Over the past year the determination of artists to make work even in the most challenging circumstances has prevailed. Excited to present some of the works they have been waiting so long to share with the public, Dublin Theatre Festival 2021 has unveiled a programme that was planned looking forward to a time when audiences can gather, safely and comfortably, as the recovery unfolds.
While new opportunities to increase reach and access have been opened up through streaming, the last year has also reinforced the thrill and intimacy of live performance experienced in person. DTF 2021 will retain a digital element to enable audiences, with streaming of a number of performances, but is placing the emphasis on live performance and the energy and togetherness that a festival creates.
This programme celebrates artists making work in Ireland as well as welcoming international theatre companies and visiting artists to Dublin again, with projects from the UK, France, Portugal, Switzerland and Argentina.

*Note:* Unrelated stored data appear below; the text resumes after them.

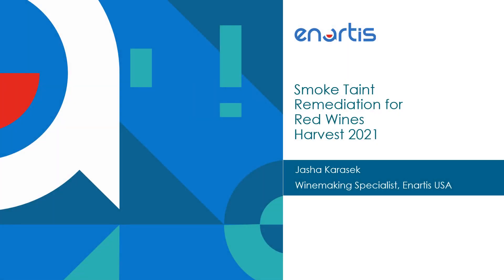Hello everyone, my name is Joshua Karasak. I'm a winemaking specialist with Anartis USA. In this presentation we're going to talk about some methods that we can use as winemakers to remediate smoke taint in red wines.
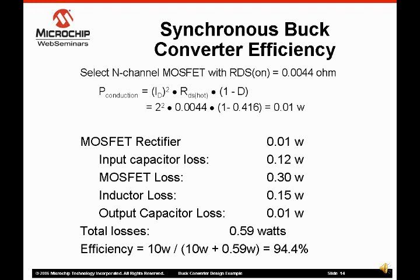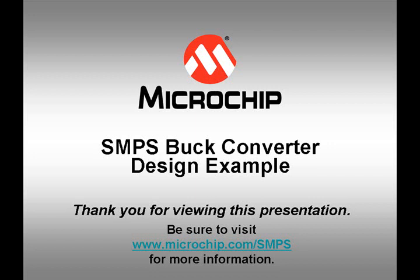The cost of the MOSFET chosen for the synchronous rectifier is low. Synchronous rectification increases a power converter's efficiency significantly for a minimal cost.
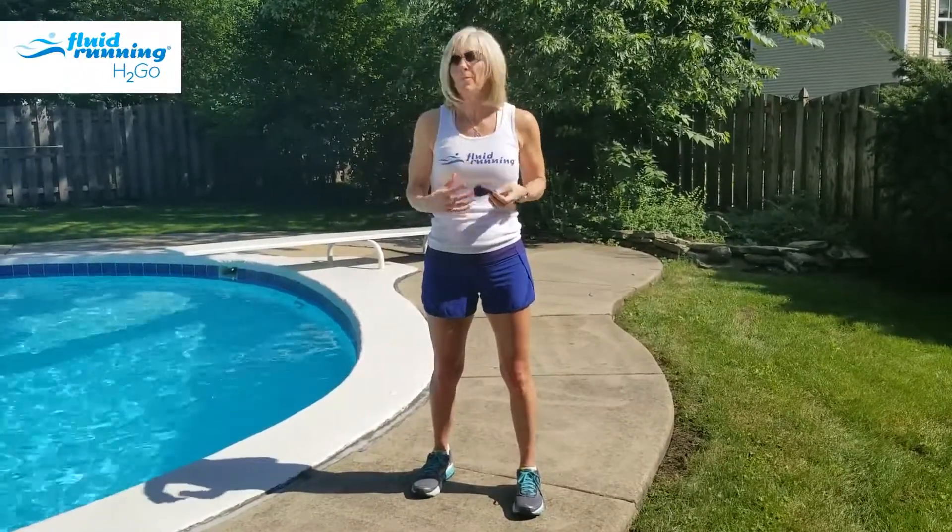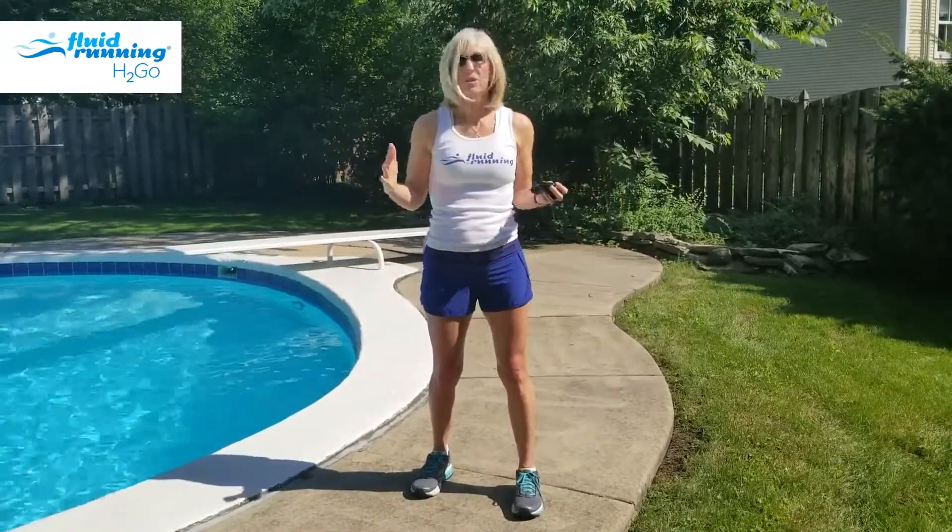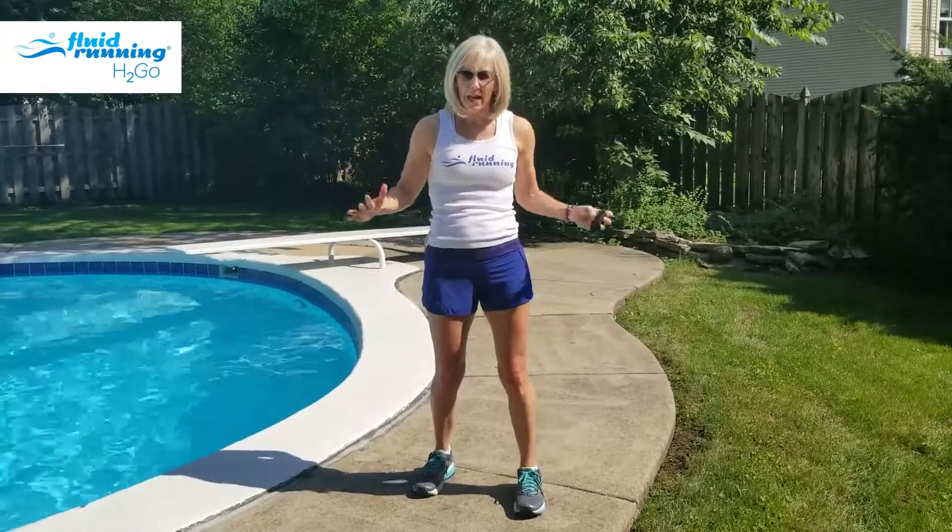When you are running on land, your heart is pumping boom boom boom boom. When you are in the deep water and you're running at the same exertion level, the hydrostatic pressure, which is the water pressure on your body, is actually pushing all this blood up to your heart. Your heart physically can't pump it out as fast as when it's on land.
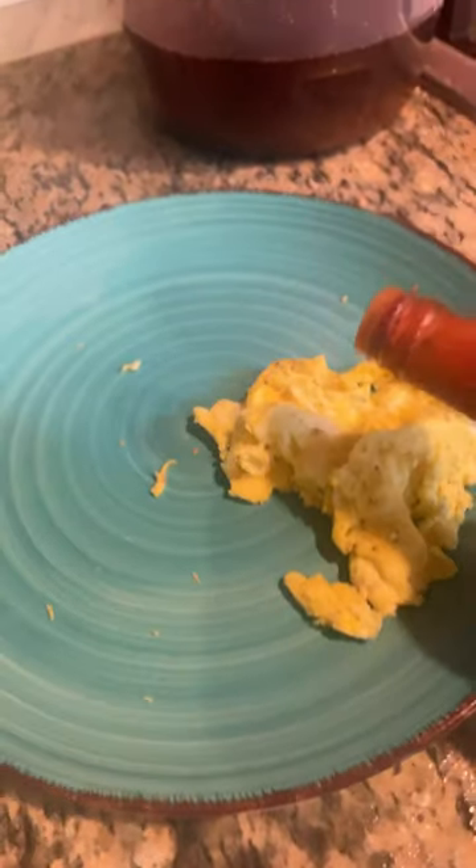Flip! Eggs — tell me in the comments, what would you like to put on your eggs?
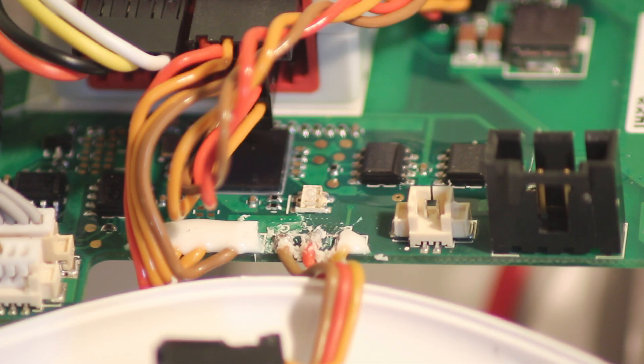Hi guys, just a quick video to show people how to convert a Phantom 1 with the upgrade board to have a CAN bus port. This isn't my method - it was found on a website called sarahworth.com. I'll put a post in the comments so you can go to that. There isn't a video on that so I thought I'd do a quick one here.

DTF is also very much about Dublin, its people and its stories. Our experience of and relationship with the city has changed in the past year and as we dare to look to the future, it’s time to fall in love with Dublin again, to see it as a place that people want to be, to play, not just somewhere they have to go to work.
In the main programme are 29 works that an be experienced in person, at various venues across the city, with 21 world premieres.
The return of live in-person performances in Dublin from International theatre companies and artists includes work from Teatro Praga (Portugal), Sophia Teillet/L’Amicale (France), Tim Etchells (UK), Ant Hampton (Germany/UK), Lola Arias (Argentina) and Mats Staub (Switzerland).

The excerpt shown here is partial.